• Le Roi et l’oiseau – 14 décembre à 1h

    Comme d’habitude, l’entrée coûte 4 euros, 3 pour les membres du COF et vous avez la possibilité d’acheter des cartes de 10 places pour respectivement 30 et 20 euros. L’entrée est gratuite pour les étudiant.e.s invité.e.s.

    Et pour résumer :

    Rendez-vous le samedi 14 décembre 2019, 20h30
    en salle Dussane, au 45 rue d’Ulm
    pour voir et revoir
    Le Roi et l’oiseau
    de Paul Grimault et Jacques Prévert

    Proposition d’analyse

    Le roi Charles Cinq-et-Trois-font-Huit-et-Huit-font-Seize siège en tyran sur le royaume de Takicardie. Alors que tout le royaume est rempli de statues à son effigie, dans sa chambre, la nuit les tableaux s’animent. Une Bergère et un Ramoneur s’aiment ainsi en secret. Le portrait du Roi s’en agace ; il aime la Bergère et veut l’épouser. Les amoureux s’enfuient alors, à la découverte du monde. Le dictateur les poursuit, sans imaginer que l’Oiseau niché en haut de son château prendra le jeune couple sous son aile…

    J’ai mis mon képi dans la cage
    et je suis sorti avec l’oiseau sur la tête
    Alors
    on ne salue plus
    a demandé le commandant
    Non
    on ne salue plus
    a répondu l’oiseau
    Ah bon
    excusez moi je croyais qu’on saluait
    a dit le commandant
    Vous êtes tout excusé tout le monde peut se tromper
    a dit l’oiseau.

     Jacques Prévert, « Quartier libre », dans Paroles, 1946

    Ce poème de 1946 a été écrit à l’époque où Jacques Prévert et Paul Grimault ont débuté la préparation de La Bergère et le Ramoneur (1953), d’après le conte du même nom de Hans Christian Andersen (1845). Cette première version est jugée très négativement par le réalisateur et le poète eux-mêmes, mais reçoit un accueil chaleureux du public et de la presse.

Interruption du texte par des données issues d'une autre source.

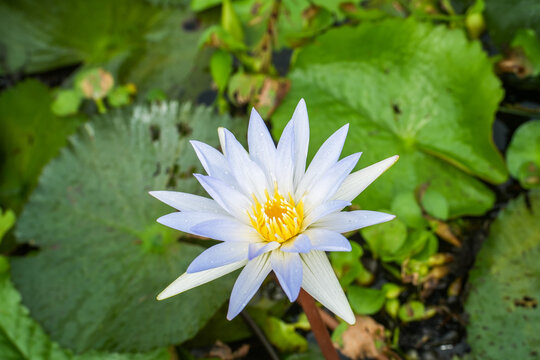 Beautiful light blue water lily flower blooming in a pond surrounded by green lily pads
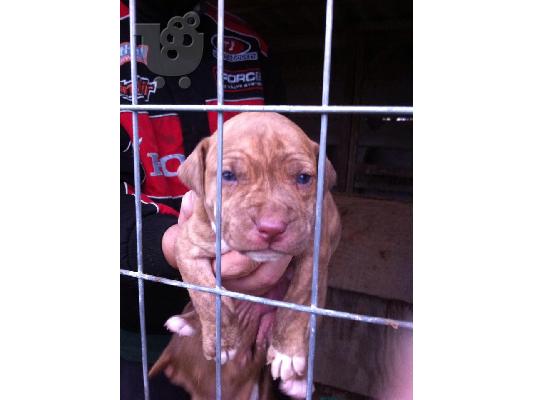 pitbull rednose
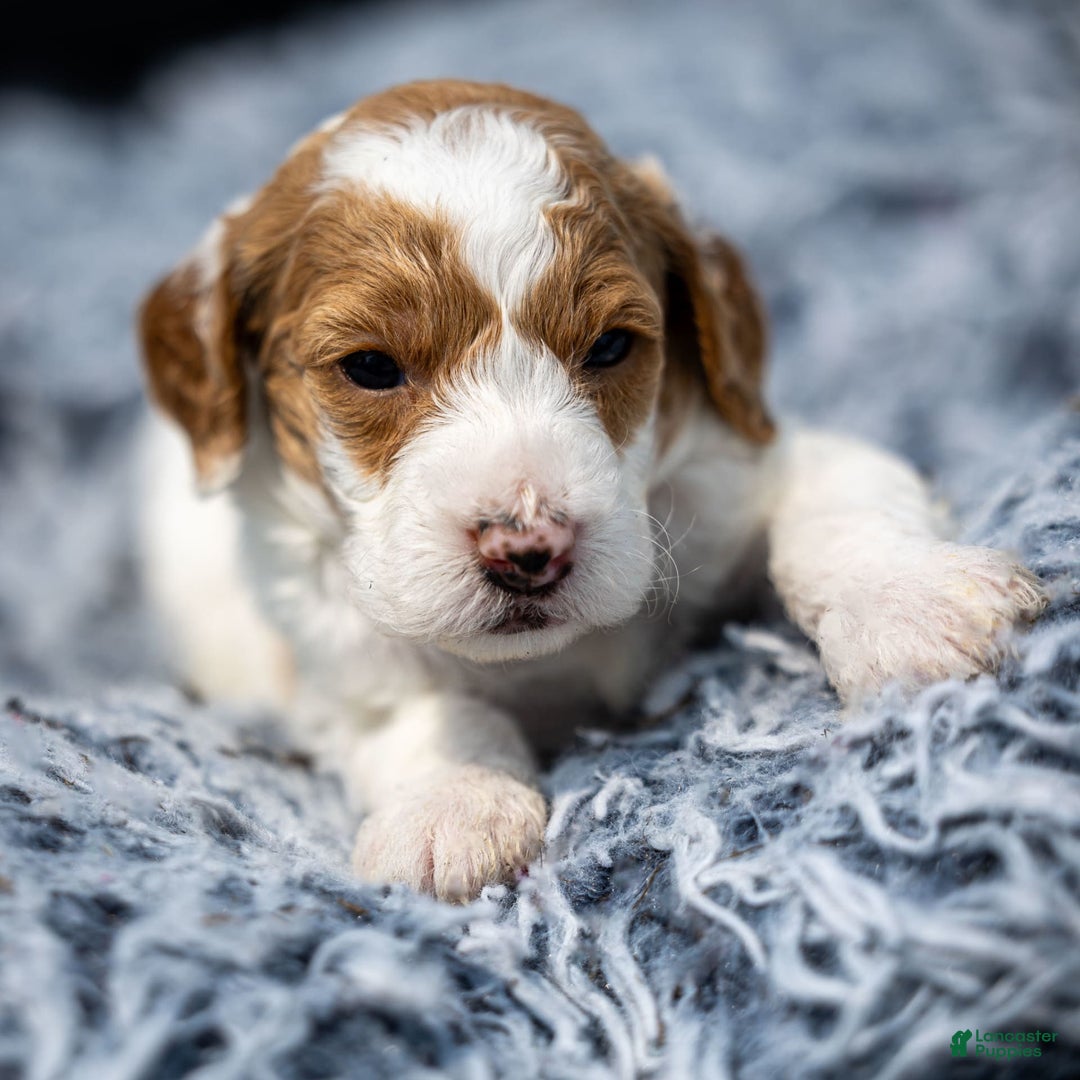 Standard Poodle dogs for sale: Reagan - Image 11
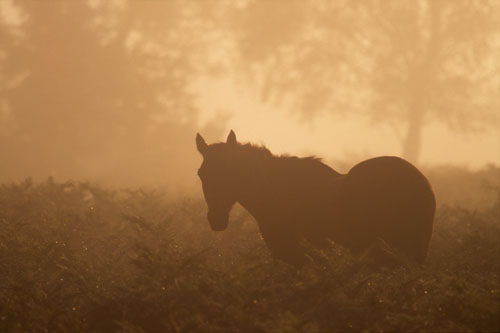 New Forest Ponies : New Forest Pony in the Dawn Mist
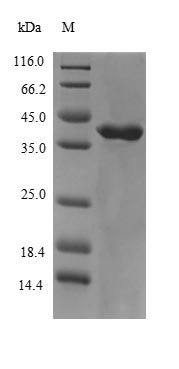 Greater than 90% as determined by SDS-PAGE.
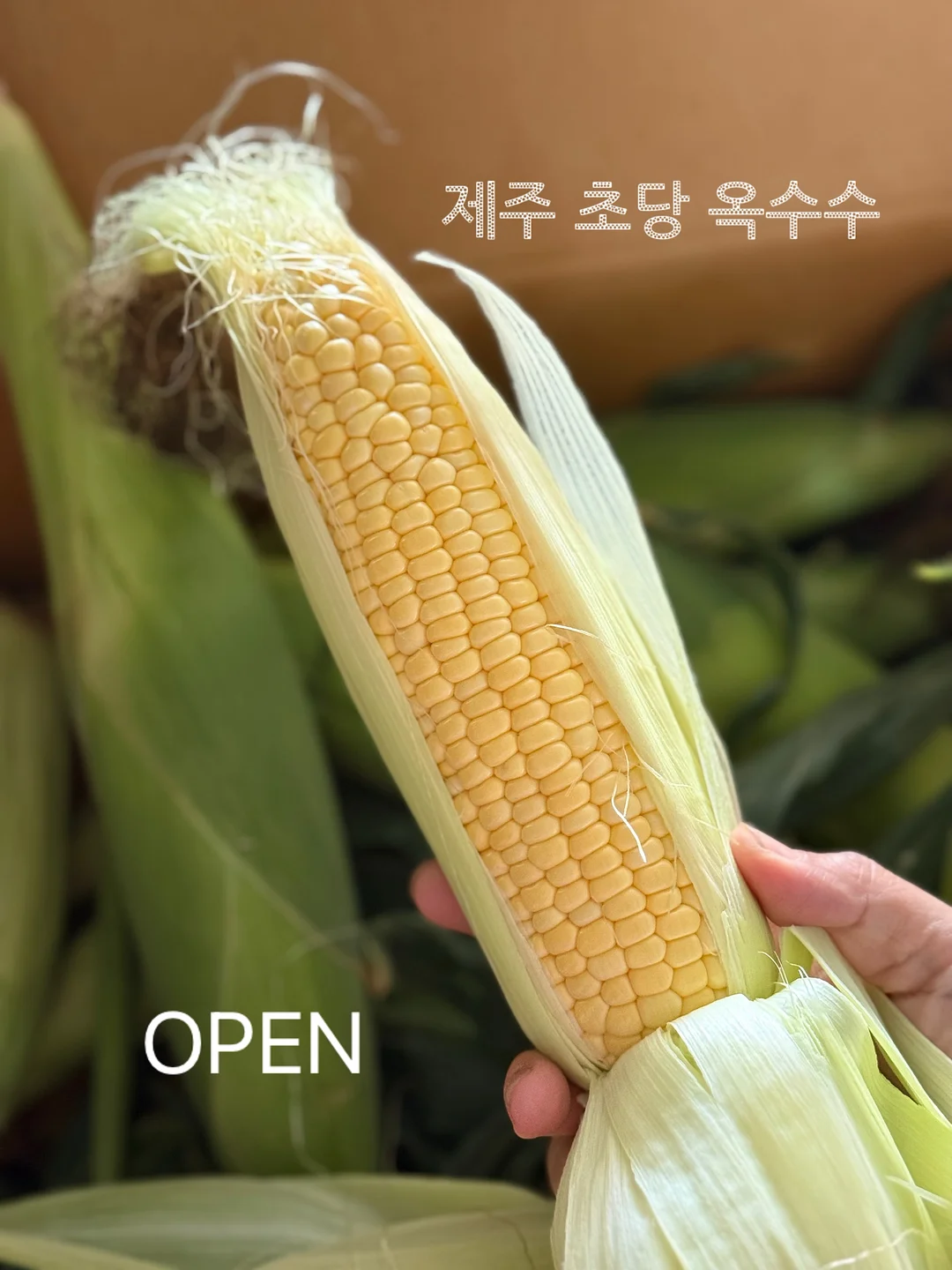 보름달 강아지케이크 1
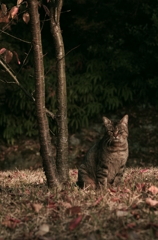 猫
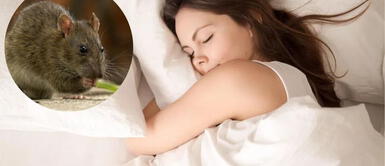 Soñar con ratas está relacionado a los conflictos en tu vida ¿Qué significa soñar con ratas? ¿En tu vida ocurre peligro? ¡Descubre que te quiere decir tu subconsciente!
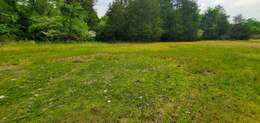 Image of American pillwort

On retire les droits à Grimault à cause de son « perfectionnisme excessif ». Il ne les récupérera qu’en 1977. Malgré une équipe différente, et la mort de Jacques Prévert la même année, le film Le Roi et l’Oiseau (1980) que l’on connaît actuellement sort enfin en salles tel qu’il a été imaginé.
    Il s’agit là d’un film qui n’aurait pu être autre chose qu’un dessin animé. L’image, partout, a son importance. Elle est celle, omniprésente, de ce Roi qui refuse d’être montré tel qu’il est ̶ avec son strabisme ̶ , mais qui instaure un culte de la personnalité autour de lui, où des machines immenses construisent des statues à son effigie. L’image, c’est également celle du Ramoneur, qui ne peut aimer la Bergère car il est couvert de suie, et qu’ils « ne sont pas de la même couleur ». Et c’est de l’image de la Bergère qui prend vie la nuit dont le Roi est amoureux ; c’est d’ailleurs le portrait du Roi qui la courtise en premier. Le vrai Roi finit par être victime de son double pictural, Oscar Wilde et son Portrait de Dorian Gray (1890) sont sûrement passés par là. Les statues de porcelaine du conte d’Andersen sont devenues des peintures. Un autre poème de Paroles de Prévert s’intitule d’ailleurs Pour faire le portrait d’un oiseau (aussi dans Paroles) ; l’oiseau doit être peint libre, sans cage, dont il faut effacer les barreaux « en ayant soin de ne toucher aucune des plumes de l’oiseau ».
    L’Oiseau du film est celui du recueil sont les mêmes. Ils incarnent le refus de l’autorité, la liberté insolente, et le détournement de la violence. Le monde qui effraie la Bergère par son étendue dans le conte d’Andersen ̶ « C’est trop, dit-elle ; c’est plus que je n’en puis supporter. Le monde est trop immense. » ̶ devient totalitaire et agressif dans le film de Grimault. C’est l’Oiseau qui en adoucit le tumulte par ses mots et sa jovialité. L’animation perfectionnée par Grimault, est surréaliste, les plans vertigineux ne sont pas sans rappeler le Metropolis (1927) de Fritz Lang. Le Roi et l’Oiseau se place donc à la fois dans la continuité d’une tradition, et dans le début d’une nouvelle, comme celle des films des Studio Ghibili s’en sont largement inspiré : impossible de ne pas voir le colosse du Roi et l’Oiseau celui du Château dans le ciel (1986). Un chef-d’œuvre intemporel donc, qui marque le début du long-métrage d’animation à la française.